__Stored items__.

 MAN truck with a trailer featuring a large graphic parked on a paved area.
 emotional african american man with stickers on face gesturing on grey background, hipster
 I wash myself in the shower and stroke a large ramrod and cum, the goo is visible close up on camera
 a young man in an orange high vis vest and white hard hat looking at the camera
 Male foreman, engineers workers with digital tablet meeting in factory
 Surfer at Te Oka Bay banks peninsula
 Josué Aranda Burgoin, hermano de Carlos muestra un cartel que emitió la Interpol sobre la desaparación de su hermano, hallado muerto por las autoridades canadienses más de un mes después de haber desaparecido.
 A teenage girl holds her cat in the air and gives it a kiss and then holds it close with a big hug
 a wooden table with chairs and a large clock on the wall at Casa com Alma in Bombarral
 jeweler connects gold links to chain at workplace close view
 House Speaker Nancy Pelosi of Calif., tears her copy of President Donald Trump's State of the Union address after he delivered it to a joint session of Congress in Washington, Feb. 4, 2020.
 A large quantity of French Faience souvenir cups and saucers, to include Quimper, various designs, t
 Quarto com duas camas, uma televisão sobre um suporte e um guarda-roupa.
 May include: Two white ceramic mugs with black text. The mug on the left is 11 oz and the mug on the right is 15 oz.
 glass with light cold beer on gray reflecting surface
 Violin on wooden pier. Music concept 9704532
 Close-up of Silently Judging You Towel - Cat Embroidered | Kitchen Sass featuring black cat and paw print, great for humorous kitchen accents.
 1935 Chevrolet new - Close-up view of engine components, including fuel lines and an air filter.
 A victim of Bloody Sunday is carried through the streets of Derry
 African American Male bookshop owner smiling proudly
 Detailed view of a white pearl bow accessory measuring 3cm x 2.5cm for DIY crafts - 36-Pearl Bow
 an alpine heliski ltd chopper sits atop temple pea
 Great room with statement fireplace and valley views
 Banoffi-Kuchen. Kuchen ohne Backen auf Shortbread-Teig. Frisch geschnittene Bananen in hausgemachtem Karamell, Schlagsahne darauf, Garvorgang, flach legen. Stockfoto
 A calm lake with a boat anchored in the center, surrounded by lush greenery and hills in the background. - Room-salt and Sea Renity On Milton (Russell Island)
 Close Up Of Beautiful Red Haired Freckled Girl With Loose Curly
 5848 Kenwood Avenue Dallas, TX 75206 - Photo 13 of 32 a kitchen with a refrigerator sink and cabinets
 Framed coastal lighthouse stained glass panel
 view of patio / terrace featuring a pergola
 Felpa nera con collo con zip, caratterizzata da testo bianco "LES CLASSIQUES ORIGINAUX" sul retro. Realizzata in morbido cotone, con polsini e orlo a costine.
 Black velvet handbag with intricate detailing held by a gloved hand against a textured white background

__PROBLEM STATEMENT__. Find the lines above that contain the word "background" and collect them.

__EXERCISE SOLUTION__.
 emotional african american man with stickers on face gesturing on grey background, hipster
 A calm lake with a boat anchored in the center, surrounded by lush greenery and hills in the background. - Room-salt and Sea Renity On Milton (Russell Island)
 Black velvet handbag with intricate detailing held by a gloved hand against a textured white background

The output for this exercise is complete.